:: Provided entries

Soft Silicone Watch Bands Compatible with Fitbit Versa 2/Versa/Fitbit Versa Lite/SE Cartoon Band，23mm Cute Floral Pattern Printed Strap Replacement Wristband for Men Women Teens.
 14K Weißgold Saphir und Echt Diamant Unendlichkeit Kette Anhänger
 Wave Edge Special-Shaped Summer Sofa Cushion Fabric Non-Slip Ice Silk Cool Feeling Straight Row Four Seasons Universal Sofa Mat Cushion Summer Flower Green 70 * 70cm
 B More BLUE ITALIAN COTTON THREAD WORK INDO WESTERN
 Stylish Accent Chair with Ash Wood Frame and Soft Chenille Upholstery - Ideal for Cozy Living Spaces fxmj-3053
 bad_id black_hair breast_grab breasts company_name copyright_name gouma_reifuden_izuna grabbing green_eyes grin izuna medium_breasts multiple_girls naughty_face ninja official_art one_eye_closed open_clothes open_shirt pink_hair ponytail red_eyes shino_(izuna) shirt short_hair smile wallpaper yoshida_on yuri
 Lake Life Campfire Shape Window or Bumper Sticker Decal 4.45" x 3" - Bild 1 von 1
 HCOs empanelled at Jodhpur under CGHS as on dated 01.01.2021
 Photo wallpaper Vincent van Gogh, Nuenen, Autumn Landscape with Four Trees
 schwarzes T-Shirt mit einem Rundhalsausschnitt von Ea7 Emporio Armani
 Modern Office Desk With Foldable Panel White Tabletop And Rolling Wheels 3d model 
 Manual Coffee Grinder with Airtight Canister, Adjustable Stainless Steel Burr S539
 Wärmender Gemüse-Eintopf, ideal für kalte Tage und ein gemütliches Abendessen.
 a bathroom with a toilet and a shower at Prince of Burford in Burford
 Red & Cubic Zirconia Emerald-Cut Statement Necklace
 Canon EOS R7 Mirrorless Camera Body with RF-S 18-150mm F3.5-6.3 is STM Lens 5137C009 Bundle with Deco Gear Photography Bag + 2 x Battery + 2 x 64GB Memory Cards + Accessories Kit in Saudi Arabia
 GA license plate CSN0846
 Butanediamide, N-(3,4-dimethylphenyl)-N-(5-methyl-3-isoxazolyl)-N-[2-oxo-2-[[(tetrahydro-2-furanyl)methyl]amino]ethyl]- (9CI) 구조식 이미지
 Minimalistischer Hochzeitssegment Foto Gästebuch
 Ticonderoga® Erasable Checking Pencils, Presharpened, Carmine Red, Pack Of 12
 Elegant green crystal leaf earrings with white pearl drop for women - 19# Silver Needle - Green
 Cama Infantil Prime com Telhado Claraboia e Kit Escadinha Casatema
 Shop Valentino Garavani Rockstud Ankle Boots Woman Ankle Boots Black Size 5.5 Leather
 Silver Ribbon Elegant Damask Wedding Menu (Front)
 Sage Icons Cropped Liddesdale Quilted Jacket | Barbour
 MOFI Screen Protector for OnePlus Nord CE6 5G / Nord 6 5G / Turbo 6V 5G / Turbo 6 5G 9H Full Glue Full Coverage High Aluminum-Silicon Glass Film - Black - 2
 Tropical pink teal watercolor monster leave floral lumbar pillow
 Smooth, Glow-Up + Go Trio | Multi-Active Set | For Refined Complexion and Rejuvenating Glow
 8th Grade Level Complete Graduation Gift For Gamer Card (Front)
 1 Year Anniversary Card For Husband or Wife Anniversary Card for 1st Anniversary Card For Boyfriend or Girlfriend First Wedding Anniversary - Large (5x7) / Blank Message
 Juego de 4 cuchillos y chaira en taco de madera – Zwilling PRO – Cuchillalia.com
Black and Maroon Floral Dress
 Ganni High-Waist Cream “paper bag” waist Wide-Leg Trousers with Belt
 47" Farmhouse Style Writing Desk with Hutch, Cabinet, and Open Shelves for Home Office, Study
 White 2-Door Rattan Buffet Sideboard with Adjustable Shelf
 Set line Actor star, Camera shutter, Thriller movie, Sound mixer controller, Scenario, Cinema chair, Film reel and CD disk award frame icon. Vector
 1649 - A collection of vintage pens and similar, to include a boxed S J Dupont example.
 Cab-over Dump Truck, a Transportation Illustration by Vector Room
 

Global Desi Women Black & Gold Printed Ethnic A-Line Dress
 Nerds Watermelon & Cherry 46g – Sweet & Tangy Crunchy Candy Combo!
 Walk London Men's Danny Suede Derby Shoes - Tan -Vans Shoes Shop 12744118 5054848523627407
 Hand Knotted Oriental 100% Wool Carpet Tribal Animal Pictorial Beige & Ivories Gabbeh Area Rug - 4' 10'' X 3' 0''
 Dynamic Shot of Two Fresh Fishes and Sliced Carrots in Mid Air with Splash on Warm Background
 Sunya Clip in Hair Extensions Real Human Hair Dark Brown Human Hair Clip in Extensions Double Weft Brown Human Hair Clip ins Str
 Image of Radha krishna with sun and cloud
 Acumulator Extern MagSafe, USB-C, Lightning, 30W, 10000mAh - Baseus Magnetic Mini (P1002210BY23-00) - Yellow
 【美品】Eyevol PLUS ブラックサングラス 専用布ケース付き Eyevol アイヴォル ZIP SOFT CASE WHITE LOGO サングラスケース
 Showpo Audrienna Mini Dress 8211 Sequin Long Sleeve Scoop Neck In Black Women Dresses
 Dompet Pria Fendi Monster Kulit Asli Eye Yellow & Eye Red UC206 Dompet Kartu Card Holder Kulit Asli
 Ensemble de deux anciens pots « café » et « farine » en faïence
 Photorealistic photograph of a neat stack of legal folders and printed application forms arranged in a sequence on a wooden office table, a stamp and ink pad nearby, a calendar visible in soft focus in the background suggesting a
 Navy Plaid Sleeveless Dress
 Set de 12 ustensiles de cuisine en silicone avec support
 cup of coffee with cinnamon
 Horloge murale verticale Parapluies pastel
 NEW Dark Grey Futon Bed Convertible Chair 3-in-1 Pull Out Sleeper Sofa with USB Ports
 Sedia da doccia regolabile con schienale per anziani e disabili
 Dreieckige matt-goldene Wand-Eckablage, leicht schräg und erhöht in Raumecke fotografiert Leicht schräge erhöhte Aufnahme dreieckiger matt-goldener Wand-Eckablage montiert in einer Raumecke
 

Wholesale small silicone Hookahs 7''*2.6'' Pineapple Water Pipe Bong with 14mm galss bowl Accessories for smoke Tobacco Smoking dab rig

::::

## Task requirements
Return all lines above that mention the word "Camera".

## Answer space
 Canon EOS R7 Mirrorless Camera Body with RF-S 18-150mm F3.5-6.3 is STM Lens 5137C009 Bundle with Deco Gear Photography Bag + 2 x Battery + 2 x 64GB Memory Cards + Accessories Kit in Saudi Arabia
 Set line Actor star, Camera shutter, Thriller movie, Sound mixer controller, Scenario, Cinema chair, Film reel and CD disk award frame icon. Vector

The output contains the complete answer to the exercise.